Harriet Doerr, published by Penguin Books 1984
I was drawn to Stones for Ibarra by a Wikipedia comparison to One Hundred Years of Solitude and a mention of magical realism. It’s the story of Sara and Richard Delton and their experience in moving from California to Ibarra, a small village in Mexico, to reopen Richard’s grandfather’s abandoned copper mine. Nearly every chapter is a glimpse into one facet of the lives of the villagers – the poor, the pious, and the slightly criminal. Soon though, it’s clear that we are inside Sara’s head, and the last few chapters are less about the village and more about their marriage.Doerr’s prose is spare and expressive; if the book were a painting it would be drawn with vivid colors, a landscape populated with simply depicted people and animals. The viewer would have a clear understanding of the lives being illustrated and of the natural world surrounding them.

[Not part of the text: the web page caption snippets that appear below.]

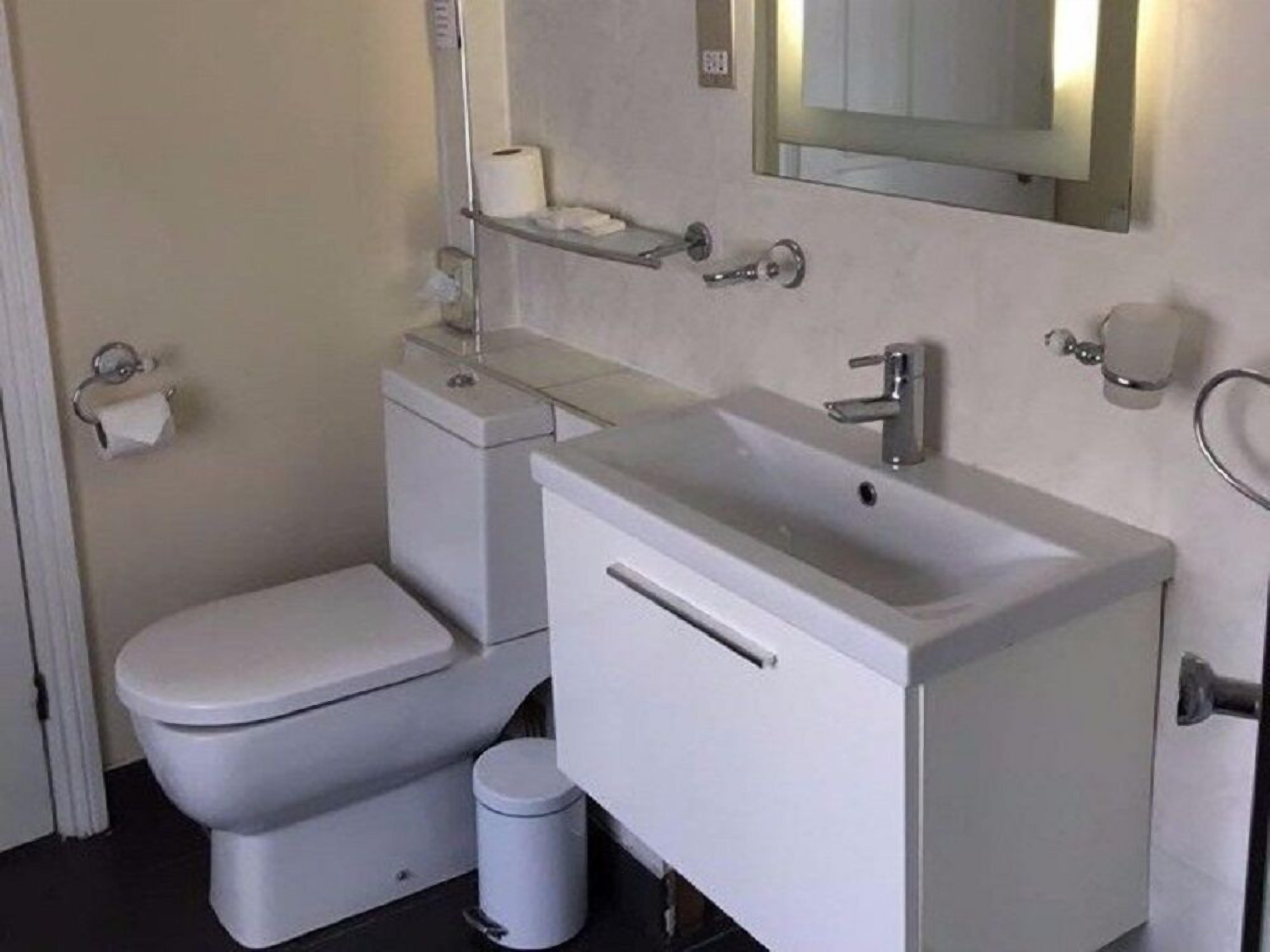 Un baño pequeño y moderno con inodoro, lavamanos y espejo.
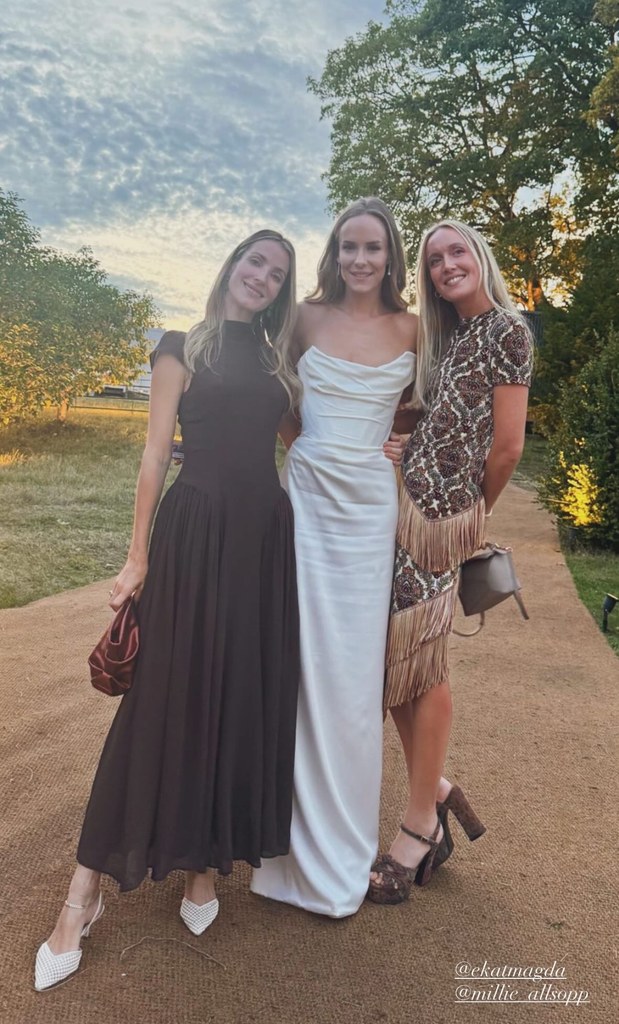 hum fleming in her bridal gown with two wedding guests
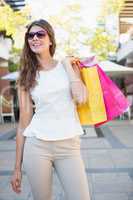 Smiling woman with shopping bags wearing sunglasses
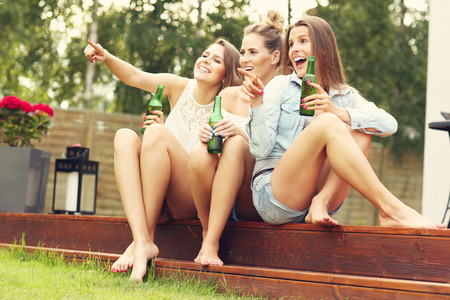 Picture presenting happy group of friends having a beer outdoorsの写真素材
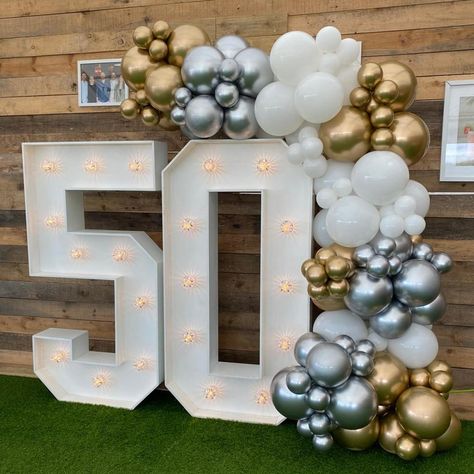 Celebrating a milestone in style! An organic balloon garland in shades of gold, silver, and white, positioned on our 4ft light up numbers are the perfect statement piece for capturing those milestone memories. Whether it’s a birthday, anniversary, or another special occasion, this setup is perfect and fits most spaces in venues or at home. Venue - @cliffhousebarton #balloonsetups #balloonsdecoration #balloons2buisness #balloons🎈 #birthdayballoons🎈 #balloonsforalloccasions #50thanniversa... Light Up Numbers, Balloon Displays, Balloon Display, Balloon Crafts, 5 Year Anniversary, Business Party, Shades Of Gold, Balloon Garland, Birthday Balloons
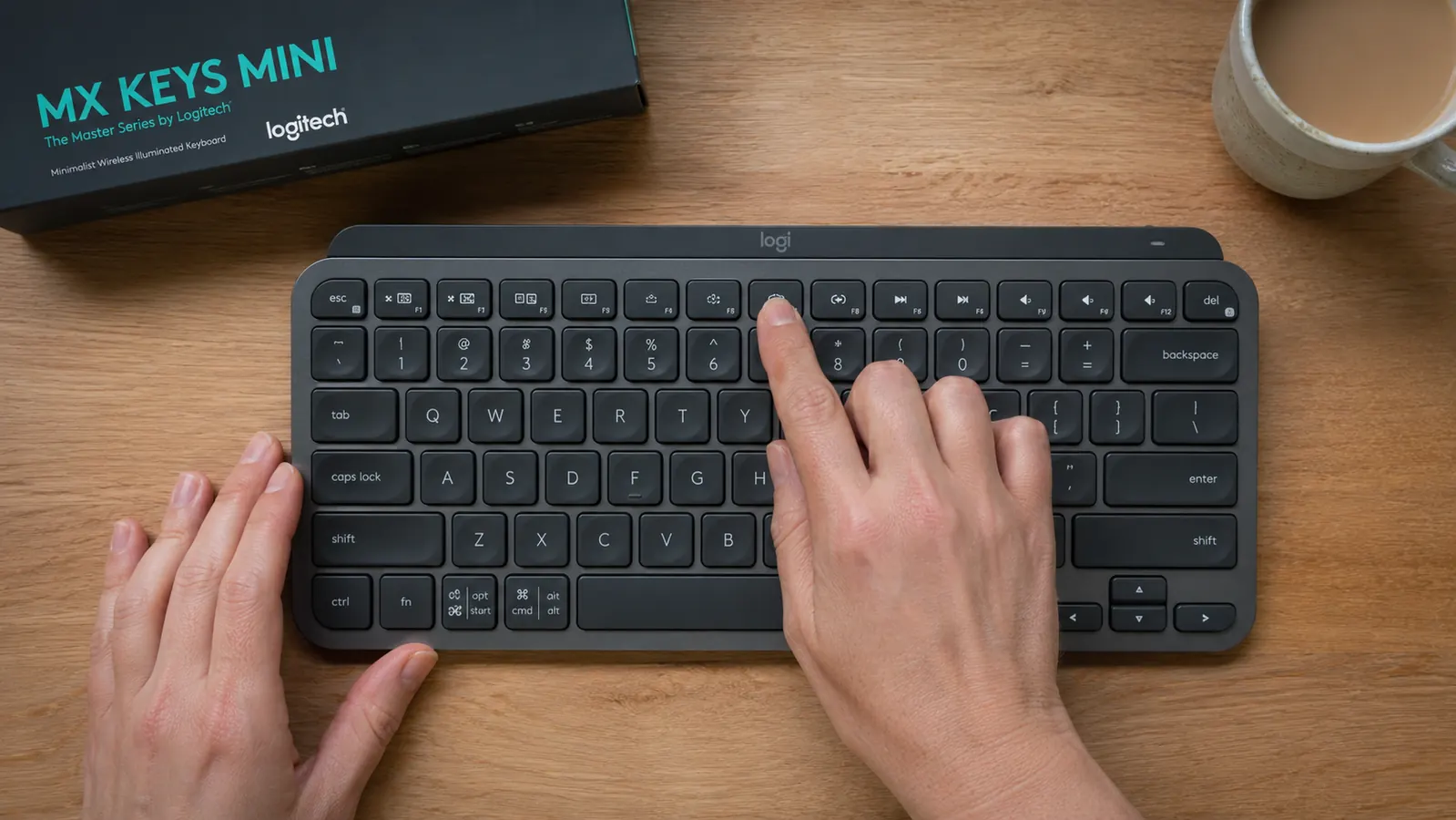 Top-down view of the Logitech MX Keys Mini function row showing dual-purpose keys with media symbols above F-key labels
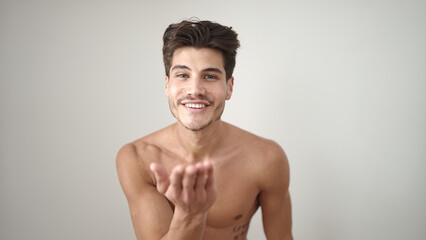 Fototapeta premium Young hispanic man smiling confident kissing over isolated white background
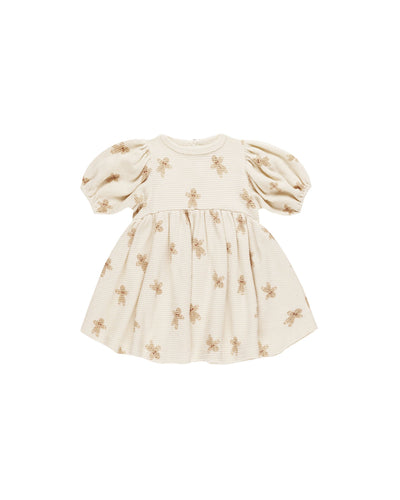 beige waffle baby dress with gingerbread men on it. 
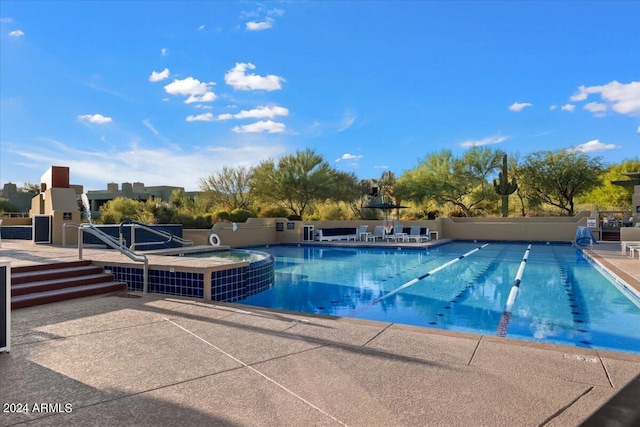 view of swimming pool with a patio area and an in ground hot tub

Harriet Doerr and her husband Albert did move from San Francisco to Mexico to run Albert’s family mine, and their story ended much as the Deltons’ did. Although it’s presented as novel rather than memoir, this is based on actual events. I’m not certain how strictly autobiographical it is – did Luis, Ignacio, and Paz really exist? Did Lourdes the housekeeper really hide charms around the house to keep the Deltons healthy and the mine prosperous? We don’t know, and I don’t want to know.
Stones for Ibarra is a little young for a classic, but it reads like a classic and it won a National Book Award for First Work of Fiction, among many other awards. The author wrote a second novel and a collection of short stories and essays. The book was the basis for a movie made for TV in 1988 starring Glenn Close and Keith Carradine. I have not seen the movie.